LONDON: English Premier League club Newcastle United was sold to Saudi Arabia’s sovereign wealth fund on Thursday after a protracted takeover and legal fight involving concerns about piracy and rights abuses in the kingdom.
The 300-million-pound ($409 million) takeover by the Saudi Public Investment Fund initially collapsed last year over concerns about how much control the kingdoms leadership would have in the running of Newcastle.
PIF has had to offer assurances to the Premier League that its chairman, Saudi Crown Prince Mohammed bin Salman, and in turn the state will not have any control of the running of Newcastle.
A rapid sequence of events reignited the deal after Qatar-based broadcaster beIN Sports, a Premier League rights holder, said on Wednesday that Saudi Arabia would lift a ban on it and also shut down illegal streaming services, removing a major obstacle behind the collapsed takeover.
“We are extremely proud to become the new owners of Newcastle United, one of the most famous clubs in English football,” PIF governor Yasir Al-Rumayyan said. “We thank the Newcastle fans for their tremendously loyal support over the years and we are excited to work together with them.”
The PIF will be the majority partner alongside wealthy British-based Reuben brothers and financier Amanda Staveley.
The Premier League said the club has been sold to the consortium with immediate effect following the completion of its owners and directors test.
“The legal disputes concerned which entities would own and/or have the ability to control the club following the takeover,” the Premier League said in statement. “All parties have agreed the settlement is necessary to end the long uncertainty for fans over the clubs ownership. The Premier League has now received legally binding assurances that the Kingdom of Saudi Arabia will not control Newcastle United Football Club.”
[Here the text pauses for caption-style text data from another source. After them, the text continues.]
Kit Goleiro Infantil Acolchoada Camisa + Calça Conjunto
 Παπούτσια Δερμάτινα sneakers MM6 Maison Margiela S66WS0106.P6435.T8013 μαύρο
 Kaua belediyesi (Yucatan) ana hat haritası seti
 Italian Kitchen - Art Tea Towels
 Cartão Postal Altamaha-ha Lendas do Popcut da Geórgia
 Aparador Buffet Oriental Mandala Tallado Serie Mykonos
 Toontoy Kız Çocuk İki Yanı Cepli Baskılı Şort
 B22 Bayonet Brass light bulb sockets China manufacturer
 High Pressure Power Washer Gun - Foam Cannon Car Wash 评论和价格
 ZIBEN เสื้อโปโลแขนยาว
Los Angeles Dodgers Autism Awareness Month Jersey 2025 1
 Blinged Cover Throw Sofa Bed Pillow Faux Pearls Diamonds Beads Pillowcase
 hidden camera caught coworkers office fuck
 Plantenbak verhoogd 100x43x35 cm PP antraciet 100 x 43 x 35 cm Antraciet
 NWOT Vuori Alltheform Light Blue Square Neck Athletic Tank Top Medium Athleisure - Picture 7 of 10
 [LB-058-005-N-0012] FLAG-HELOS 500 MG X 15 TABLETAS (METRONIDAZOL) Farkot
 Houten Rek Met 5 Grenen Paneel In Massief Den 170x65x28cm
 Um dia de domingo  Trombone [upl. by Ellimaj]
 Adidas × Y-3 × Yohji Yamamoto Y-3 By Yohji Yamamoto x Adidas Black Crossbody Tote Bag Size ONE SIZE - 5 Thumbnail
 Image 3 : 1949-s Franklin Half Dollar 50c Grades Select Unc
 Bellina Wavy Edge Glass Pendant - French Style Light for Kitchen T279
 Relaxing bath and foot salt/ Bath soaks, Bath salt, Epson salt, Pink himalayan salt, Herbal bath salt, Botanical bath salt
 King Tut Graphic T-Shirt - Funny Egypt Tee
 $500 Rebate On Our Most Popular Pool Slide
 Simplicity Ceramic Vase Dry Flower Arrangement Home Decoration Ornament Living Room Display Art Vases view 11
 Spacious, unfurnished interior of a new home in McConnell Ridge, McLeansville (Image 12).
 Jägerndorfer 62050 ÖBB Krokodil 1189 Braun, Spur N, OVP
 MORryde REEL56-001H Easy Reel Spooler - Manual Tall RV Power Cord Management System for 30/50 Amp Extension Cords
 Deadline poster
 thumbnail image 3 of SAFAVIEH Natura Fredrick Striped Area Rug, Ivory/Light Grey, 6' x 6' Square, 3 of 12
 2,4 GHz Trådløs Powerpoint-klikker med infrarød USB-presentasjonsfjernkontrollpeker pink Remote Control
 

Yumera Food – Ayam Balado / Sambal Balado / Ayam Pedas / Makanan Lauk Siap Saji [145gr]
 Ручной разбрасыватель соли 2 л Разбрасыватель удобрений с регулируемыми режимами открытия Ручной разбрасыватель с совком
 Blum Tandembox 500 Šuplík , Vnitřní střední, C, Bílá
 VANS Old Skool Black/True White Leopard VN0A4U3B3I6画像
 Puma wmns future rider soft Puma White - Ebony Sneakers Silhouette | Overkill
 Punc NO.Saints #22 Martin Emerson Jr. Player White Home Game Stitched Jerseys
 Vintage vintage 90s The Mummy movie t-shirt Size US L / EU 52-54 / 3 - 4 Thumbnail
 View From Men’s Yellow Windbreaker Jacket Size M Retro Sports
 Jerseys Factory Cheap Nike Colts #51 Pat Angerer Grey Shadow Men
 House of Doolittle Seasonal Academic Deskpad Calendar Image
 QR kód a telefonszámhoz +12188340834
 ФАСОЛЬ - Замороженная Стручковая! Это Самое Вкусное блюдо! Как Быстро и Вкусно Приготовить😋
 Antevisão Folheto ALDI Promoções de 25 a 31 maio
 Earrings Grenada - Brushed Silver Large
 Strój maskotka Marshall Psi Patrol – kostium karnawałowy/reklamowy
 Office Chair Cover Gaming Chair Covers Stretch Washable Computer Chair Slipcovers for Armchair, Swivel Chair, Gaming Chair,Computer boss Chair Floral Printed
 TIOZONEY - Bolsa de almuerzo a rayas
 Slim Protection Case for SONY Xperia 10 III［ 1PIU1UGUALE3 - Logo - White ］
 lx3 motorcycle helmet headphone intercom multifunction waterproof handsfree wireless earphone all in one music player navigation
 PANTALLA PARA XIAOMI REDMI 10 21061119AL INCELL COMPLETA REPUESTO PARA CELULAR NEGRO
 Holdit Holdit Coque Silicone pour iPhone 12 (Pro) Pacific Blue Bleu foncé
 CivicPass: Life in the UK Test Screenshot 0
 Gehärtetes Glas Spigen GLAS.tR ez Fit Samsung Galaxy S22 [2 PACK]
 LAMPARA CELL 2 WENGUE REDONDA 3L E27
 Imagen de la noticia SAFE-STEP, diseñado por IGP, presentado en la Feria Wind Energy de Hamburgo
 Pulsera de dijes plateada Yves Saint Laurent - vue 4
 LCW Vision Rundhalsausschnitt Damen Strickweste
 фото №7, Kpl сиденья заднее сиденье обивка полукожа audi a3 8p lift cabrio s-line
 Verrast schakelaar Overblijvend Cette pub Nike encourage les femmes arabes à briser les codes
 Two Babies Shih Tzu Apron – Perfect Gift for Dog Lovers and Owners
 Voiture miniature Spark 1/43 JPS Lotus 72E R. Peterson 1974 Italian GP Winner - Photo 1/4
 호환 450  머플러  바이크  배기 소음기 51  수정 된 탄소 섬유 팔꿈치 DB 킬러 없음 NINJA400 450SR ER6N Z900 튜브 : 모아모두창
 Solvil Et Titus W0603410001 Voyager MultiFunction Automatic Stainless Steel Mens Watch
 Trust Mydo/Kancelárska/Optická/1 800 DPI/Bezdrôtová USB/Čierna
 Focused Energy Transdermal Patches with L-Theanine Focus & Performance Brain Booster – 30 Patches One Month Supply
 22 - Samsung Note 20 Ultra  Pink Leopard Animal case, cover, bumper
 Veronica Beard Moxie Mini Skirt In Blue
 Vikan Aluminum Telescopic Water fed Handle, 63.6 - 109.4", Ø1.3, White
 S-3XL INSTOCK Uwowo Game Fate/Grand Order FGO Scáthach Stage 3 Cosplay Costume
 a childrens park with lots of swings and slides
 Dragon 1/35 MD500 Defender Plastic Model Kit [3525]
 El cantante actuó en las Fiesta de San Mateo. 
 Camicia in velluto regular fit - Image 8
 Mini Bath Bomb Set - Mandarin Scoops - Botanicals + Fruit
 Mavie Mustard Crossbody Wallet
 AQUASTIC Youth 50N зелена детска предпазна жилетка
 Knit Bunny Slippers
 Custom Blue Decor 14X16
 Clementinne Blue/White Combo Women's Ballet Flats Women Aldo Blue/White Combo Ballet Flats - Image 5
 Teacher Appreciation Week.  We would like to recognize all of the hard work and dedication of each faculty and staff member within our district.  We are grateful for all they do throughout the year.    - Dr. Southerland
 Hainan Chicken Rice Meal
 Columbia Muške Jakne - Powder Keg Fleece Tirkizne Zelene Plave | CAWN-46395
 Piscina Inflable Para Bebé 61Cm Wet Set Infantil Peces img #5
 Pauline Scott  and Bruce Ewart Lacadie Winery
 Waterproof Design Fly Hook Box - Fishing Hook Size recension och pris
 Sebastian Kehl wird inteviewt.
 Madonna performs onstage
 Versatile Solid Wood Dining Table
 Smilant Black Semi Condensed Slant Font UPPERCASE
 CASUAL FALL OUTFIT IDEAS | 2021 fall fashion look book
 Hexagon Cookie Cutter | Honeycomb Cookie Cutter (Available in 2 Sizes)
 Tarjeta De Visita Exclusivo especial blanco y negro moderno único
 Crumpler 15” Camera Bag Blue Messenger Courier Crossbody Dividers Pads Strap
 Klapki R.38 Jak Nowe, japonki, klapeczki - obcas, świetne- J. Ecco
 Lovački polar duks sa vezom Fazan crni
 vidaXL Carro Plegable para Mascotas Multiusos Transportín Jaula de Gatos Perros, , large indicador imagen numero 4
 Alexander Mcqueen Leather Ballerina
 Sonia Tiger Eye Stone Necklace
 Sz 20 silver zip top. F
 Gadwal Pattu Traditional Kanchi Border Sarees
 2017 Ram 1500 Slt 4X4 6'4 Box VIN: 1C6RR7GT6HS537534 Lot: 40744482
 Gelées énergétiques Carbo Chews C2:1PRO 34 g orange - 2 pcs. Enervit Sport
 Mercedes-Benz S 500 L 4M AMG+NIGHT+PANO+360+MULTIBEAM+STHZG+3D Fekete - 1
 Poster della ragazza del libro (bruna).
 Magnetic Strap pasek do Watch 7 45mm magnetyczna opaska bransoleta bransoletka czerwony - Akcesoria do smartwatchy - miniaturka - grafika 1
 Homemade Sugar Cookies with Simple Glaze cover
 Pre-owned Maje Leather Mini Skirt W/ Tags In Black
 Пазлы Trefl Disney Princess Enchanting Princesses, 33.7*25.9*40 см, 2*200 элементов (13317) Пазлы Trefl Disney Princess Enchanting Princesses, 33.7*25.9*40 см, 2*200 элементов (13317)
The takeover ends the 14-year ownership by British retail tycoon Mike Ashley, who has been widely viewed as a figure of scorn in the one-club city, whose St James Park stadium is affectionately dubbed the cathedral on the hill.
Hundreds of Newcastle’s so-called Toon Army supporters, who have protested against Ashley’s running of the club, gathered outside the stadium in the drizzle throughout the day, buoyed by news of the imminent takeover.
While they were celebrating, others said it was another example of Saudi Arabia “sportswashing”.